→ Exercise aim
Quote every line below exactly and skip any picture.

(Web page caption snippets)
--------------------
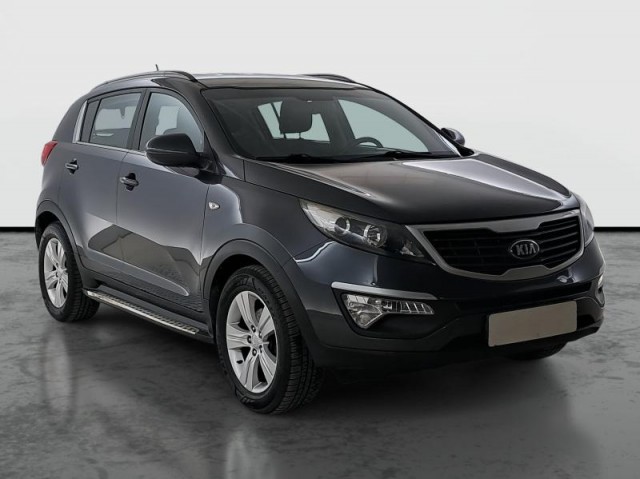 Kia Sportage  1.7 CRDi 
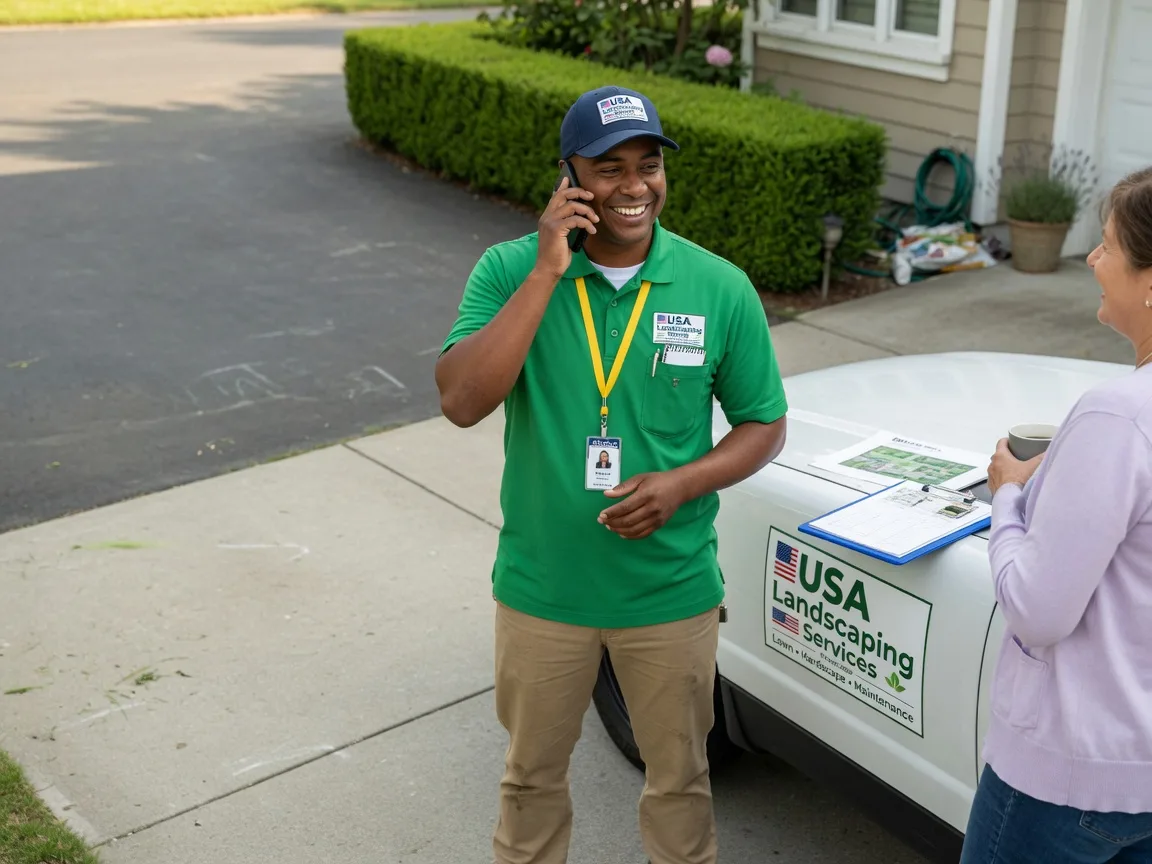 Lawn Care Cantril, IA FAQs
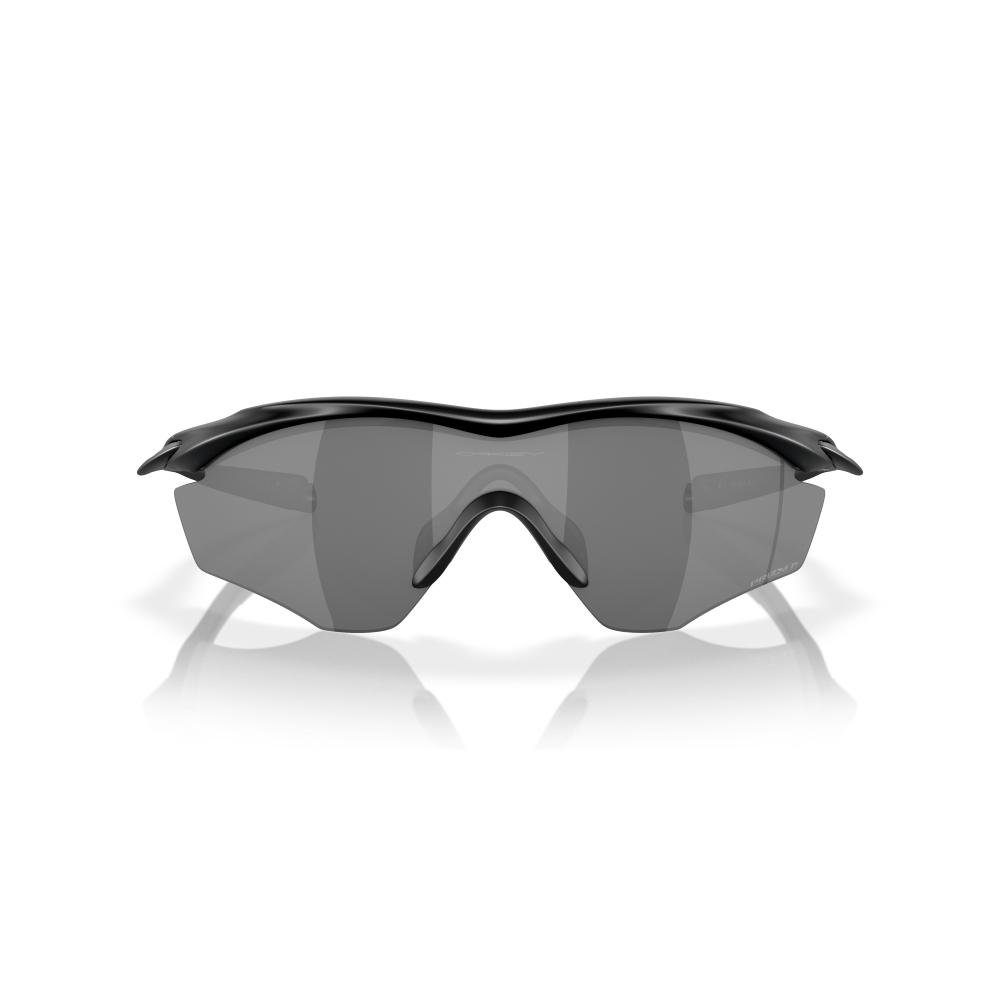 Óculos de Sol Oakley M2 Frame XL Matte Black 1945 Preto 7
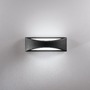 Nástěnná - FAN LED-W-WEISS-NER Venkovní nástěnné svítidlo LED WEISS hliník černá 16W 1800LM CCT IP54 35x12x11,3 cm - FANEUROPE - foto 3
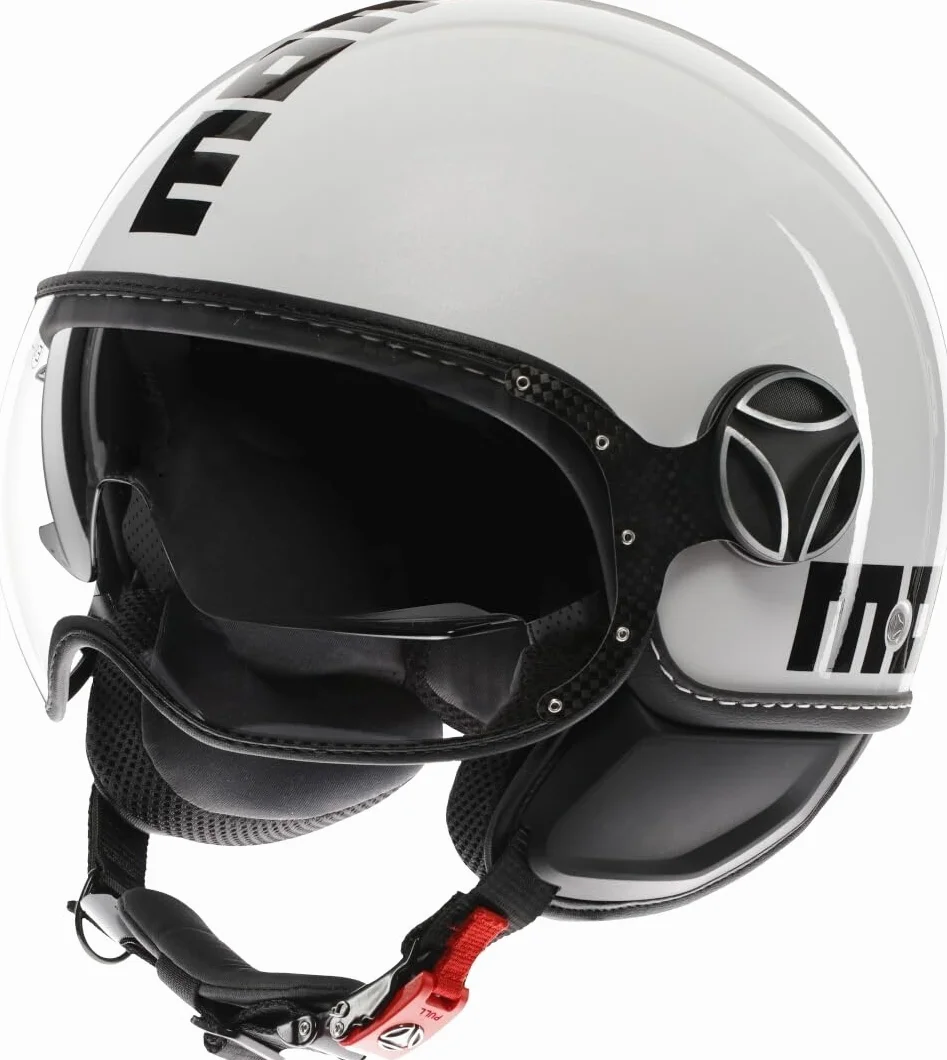 Momo Design Fgtr Evo Momodesign E2206 - Casco Jet Unisex Adulto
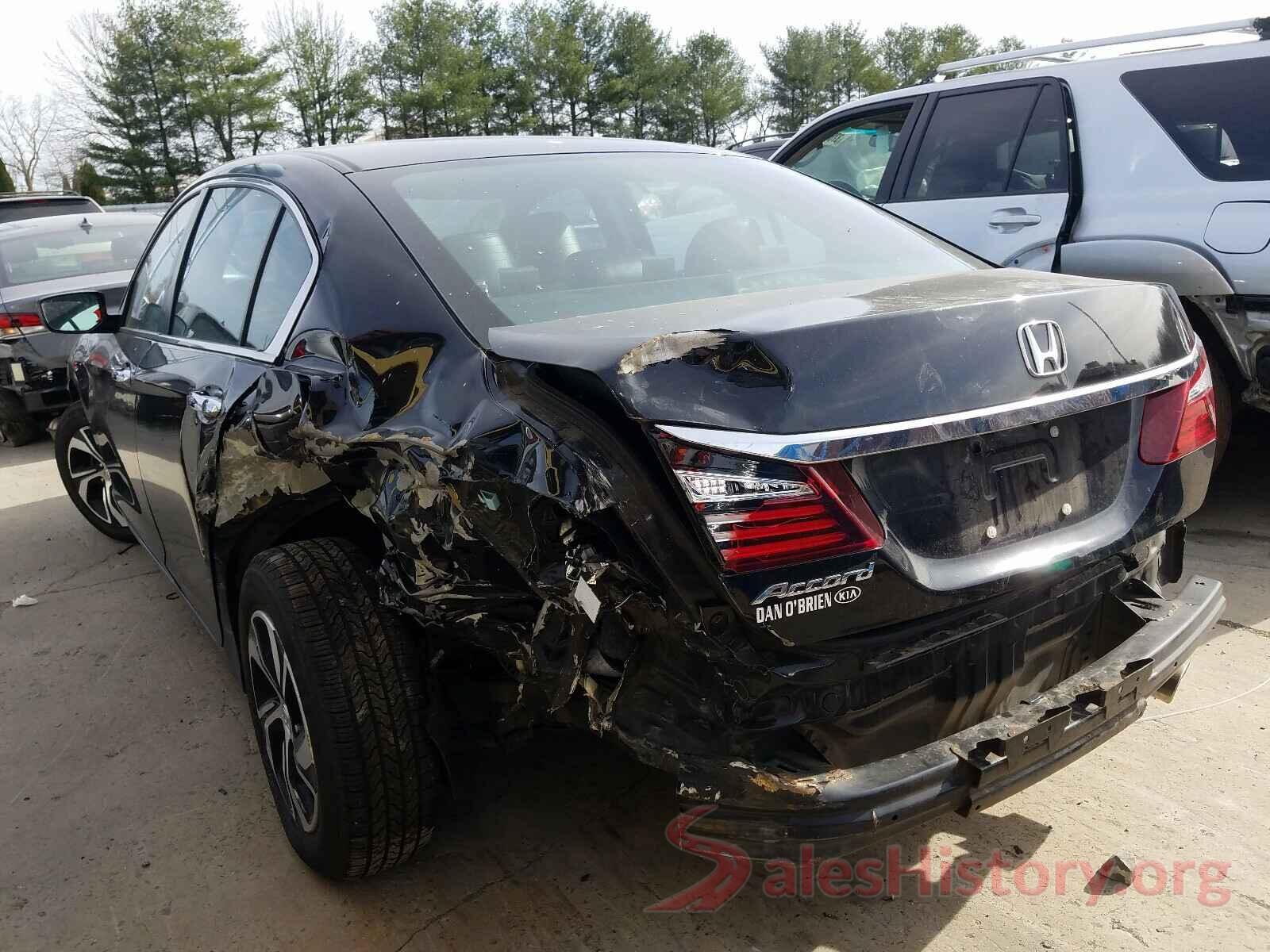 1HGCR2F39GA042107 2016 HONDA ACCORD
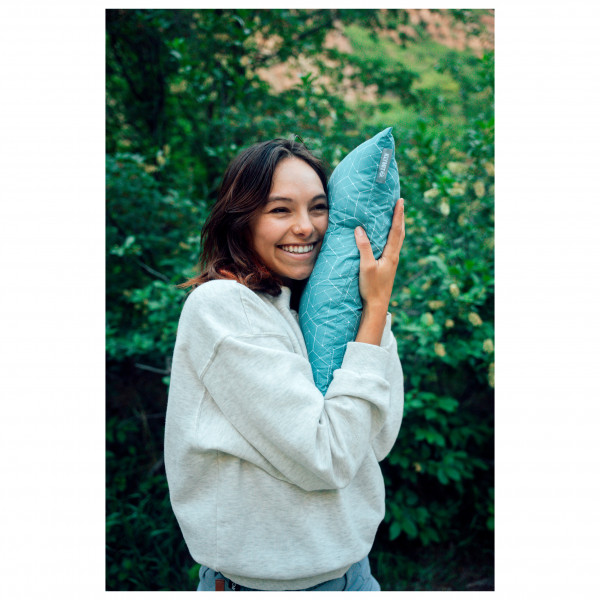 Klymit - Coast Travel Pillow - Puder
--------------------
→ Response below
 Kia Sportage  1.7 CRDi 
 Lawn Care Cantril, IA FAQs
 Óculos de Sol Oakley M2 Frame XL Matte Black 1945 Preto 7
 Nástěnná - FAN LED-W-WEISS-NER Venkovní nástěnné svítidlo LED WEISS hliník černá 16W 1800LM CCT IP54 35x12x11,3 cm - FANEUROPE - foto 3
 Momo Design Fgtr Evo Momodesign E2206 - Casco Jet Unisex Adulto
 1HGCR2F39GA042107 2016 HONDA ACCORD
 Klymit - Coast Travel Pillow - Puder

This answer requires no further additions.